■ EXERCISE INSTRUCTIONS
If a line in the entries contains the word "Cotton", list it.

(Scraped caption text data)
#####

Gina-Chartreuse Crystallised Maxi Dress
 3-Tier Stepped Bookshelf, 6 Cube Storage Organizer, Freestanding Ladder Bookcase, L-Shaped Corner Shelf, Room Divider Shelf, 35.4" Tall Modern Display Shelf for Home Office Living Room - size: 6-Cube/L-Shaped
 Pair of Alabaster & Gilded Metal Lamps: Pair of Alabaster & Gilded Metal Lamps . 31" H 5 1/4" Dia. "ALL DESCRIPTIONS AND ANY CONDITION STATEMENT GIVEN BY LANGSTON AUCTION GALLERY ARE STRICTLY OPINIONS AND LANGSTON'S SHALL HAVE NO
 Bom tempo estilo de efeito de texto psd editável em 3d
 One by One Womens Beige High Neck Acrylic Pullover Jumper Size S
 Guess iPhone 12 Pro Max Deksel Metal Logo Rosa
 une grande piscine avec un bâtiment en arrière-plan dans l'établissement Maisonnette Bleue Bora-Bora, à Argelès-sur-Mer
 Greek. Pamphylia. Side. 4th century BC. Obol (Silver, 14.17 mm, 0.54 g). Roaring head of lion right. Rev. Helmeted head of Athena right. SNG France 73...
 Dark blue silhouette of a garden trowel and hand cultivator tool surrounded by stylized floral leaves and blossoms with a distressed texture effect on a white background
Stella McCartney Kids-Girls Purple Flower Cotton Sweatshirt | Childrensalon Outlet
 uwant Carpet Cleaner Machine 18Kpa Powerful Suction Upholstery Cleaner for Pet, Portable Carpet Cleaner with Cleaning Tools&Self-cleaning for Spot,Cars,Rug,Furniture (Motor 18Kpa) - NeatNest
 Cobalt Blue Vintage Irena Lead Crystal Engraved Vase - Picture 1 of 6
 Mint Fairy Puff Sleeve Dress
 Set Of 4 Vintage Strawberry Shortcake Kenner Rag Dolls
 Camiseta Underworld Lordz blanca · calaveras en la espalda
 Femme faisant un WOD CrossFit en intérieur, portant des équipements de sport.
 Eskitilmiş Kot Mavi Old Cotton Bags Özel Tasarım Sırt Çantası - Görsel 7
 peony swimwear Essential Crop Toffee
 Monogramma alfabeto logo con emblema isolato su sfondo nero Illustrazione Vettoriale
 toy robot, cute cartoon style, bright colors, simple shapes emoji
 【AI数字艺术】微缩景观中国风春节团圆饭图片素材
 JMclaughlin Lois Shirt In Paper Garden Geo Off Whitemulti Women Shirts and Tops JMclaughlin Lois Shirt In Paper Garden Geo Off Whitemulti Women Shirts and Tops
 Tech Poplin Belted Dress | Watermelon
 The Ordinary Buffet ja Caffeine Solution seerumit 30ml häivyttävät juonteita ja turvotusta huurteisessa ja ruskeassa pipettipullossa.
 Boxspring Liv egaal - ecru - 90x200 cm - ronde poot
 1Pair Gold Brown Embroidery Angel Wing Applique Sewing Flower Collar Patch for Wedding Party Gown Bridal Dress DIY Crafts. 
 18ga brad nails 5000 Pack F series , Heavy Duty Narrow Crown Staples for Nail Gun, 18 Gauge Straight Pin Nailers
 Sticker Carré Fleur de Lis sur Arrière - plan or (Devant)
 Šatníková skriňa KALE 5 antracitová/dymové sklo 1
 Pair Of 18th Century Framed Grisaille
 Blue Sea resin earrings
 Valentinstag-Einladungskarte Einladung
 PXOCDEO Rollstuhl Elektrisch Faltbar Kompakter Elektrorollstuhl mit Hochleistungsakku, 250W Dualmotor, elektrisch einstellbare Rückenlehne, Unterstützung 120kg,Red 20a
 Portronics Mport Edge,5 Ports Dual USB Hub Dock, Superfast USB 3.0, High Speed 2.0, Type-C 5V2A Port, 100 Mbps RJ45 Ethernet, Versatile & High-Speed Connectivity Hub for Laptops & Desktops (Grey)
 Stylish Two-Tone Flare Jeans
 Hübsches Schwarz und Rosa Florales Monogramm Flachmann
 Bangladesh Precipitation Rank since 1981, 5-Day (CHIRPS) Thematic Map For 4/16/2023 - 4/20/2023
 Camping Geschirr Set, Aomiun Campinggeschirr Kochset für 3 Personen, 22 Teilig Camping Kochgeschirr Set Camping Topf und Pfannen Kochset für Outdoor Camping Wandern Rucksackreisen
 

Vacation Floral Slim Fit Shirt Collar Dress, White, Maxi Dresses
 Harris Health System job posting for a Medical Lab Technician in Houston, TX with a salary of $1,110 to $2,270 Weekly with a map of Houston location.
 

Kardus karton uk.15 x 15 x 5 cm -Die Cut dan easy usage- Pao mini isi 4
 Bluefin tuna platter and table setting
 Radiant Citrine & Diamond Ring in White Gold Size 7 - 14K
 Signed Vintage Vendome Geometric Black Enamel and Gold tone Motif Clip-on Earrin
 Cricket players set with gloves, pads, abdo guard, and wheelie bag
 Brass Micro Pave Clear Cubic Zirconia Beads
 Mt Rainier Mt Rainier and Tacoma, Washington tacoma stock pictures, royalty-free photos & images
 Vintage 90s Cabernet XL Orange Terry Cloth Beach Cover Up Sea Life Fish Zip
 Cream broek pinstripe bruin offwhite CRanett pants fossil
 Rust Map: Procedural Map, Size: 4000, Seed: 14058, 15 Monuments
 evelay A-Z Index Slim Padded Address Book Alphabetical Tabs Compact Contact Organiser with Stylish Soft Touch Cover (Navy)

#####

■ SOLUTION BELOW
Stella McCartney Kids-Girls Purple Flower Cotton Sweatshirt | Childrensalon Outlet
 Eskitilmiş Kot Mavi Old Cotton Bags Özel Tasarım Sırt Çantası - Görsel 7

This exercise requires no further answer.